El poderoso arquitecto Eugène Viollet-le-Duc (1814-1872) tras ganar un concurso en 1842 la reconstruyó a su gusto desde mediados del siglo XIX y es el creador de la flecha que se desplomó espectacularmente una hora y media después del inicio de las llamas en el crepúsculo del lunes. También su equipo es el autor de muchas de las gárgolas, santos y esfinges y los críticos dicen que el fantasioso artista recreó el templo según sus gustos y caprichos, como ya había hecho en otras catedrales e iglesias del país o en ciudadelas medievales como Carcassonne.
Desde lejos la humareda gigantesca de colores densos cruzaba el cielo de París y desde donde se podía, desde Belleville o Montmartre o desde los pisos altos, se veía el fuego intenso que iba devorando toda la techumbre soportada por un bosque de madera instalado en el siglo XII y que a lo largo de ocho siglos permaneció allí por milagro como un ejemplo del trabajo de las cofradías de artesanos medievales. Para construirla se necesitaron las maderas de 1.300 robles centenarios que fueron preparadas durante medio siglo según las técnicas de la época.

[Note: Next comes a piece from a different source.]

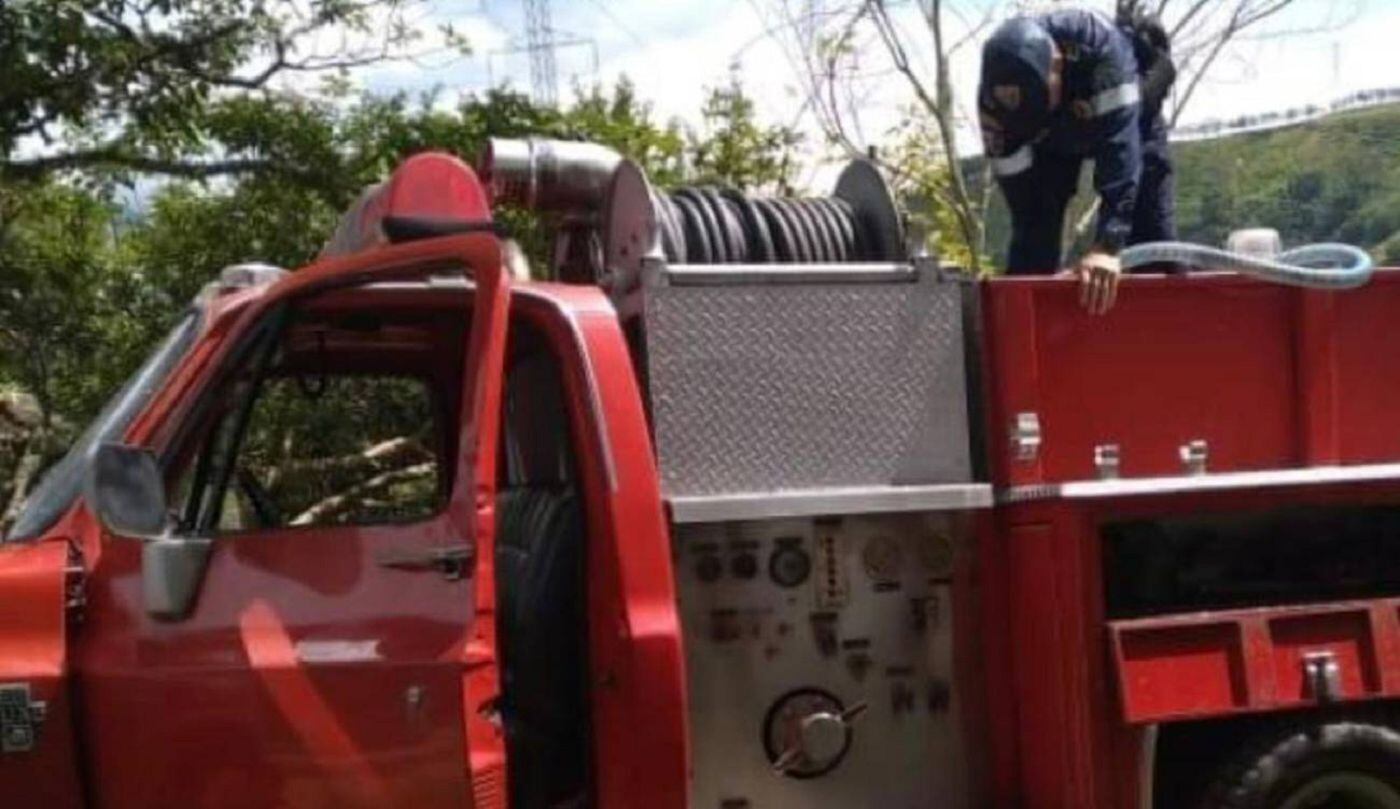 Uno de los vehículos de bomberos de Marmato, Caldas, está sin funcionamiento. Crédito: Bomberos Marmato, Caldas.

La gente en las barras de los bistrós populares comentaba la noticia y especulaba según sus creencias y fanatismos. Algunos jóvenes de la generación de los millenials lloraban y afirmaban su estupor, otros se arrodillaban y rezaban, aquellos tocaban sus violines, unos se abrazaban. Los sabios ancianos observaban en silencio con una profunda mirada interior, como si la tragedia fuera la metáfora de su propia vida.
Debajo del puente, como corderos que esperan el sacrificio, los curiosos veíamos en silencio la imagen que bien podría ser la de un cuadro de Turner y la captábamos con nuestros teléfonos celulares unos o las cámaras otros. Al otro lado del brazo del río se veían las gigantescas escaleras que proyectaban desde el aire los chorros de agua con los que se trataba de preservar del fuego otras partes del templo para conjurar un desplome inminente y catastrófico.

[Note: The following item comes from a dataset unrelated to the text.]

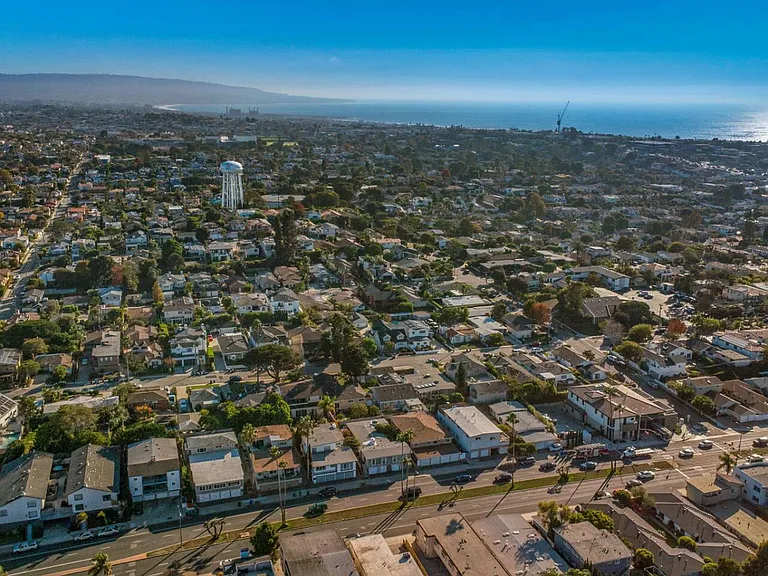 1430 Manhattan Beach Blvd #4 — Photo 3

En el cuartel general, el jefe de los bomberos de París y otras autoridades analizaban como en el campo de batalla las tácticas y estrategias a seguir. La torre norte era la que corría más peligro y destacaron en una misión casi suicida a diez bomberos para que subieran y desde ahí trataran de evitar que el fuego golpeara al talón de Aquiles de la Iglesia.
En nuestra cueva, viendo Notre Dame desde atrás, cuando por el río pasaban botes de la gendarmería o de los bomberos, los héroes eran aplaudidos por la gente recostada sobre los muros de las riberas. Por instantes uno parecía inmerso en un ángulo ficticio de la literatura de Joris Karl Huysmans, el novelista católico que narró con maestría las catedrales góticas de Francia y Europa. Hacia medianoche parecía que la mole estaba a punto de salvarse del colapso. Podíamos ir a tomar vino en un café cercano y respirar.
En todas las estaciones mi vista preferida de Notre Dame es la que se observa por detrás, desde la confluencias de la Isla San Luis y la Isla de la Cité desde donde estaba presenciando el espectáculo el lunes por la noche. Sentarse en un café en primavera, cuando el frío desaparece y brotan las flores y cantan los pájaros, y desde ahí percibir la aguja y los techos de plomo era uno de los más grandes placeres del año. Ver a Notre Dame, la gran señora, daba seguridad y fuerza. El lugar era siempre el símbolo de la estabilidad materna y nadie podía imaginar que estuviera en riesgo o pudiera desaparecer.
Ahora que se ha conjurado lo peor, los expertos emprenderán poco a poco los trabajos de consolidación antes de trabajar por años en la restauración, después de convocar a un riguroso concurso donde participarán los principales arquitectos y expertos de Francia y el mundo. Unos abogan por restaurarla igual a como la refundó Villet-le-Duc en el siglo XIX y otros defienden un nuevo concepto con materiales y tecnologías recientes que la proyecten hacia los siglos futuros. Notre Dame, herida, inicia una nueva era de su larga historia. Tal vez en mil años todavía esté ahí si el mundo aun existe.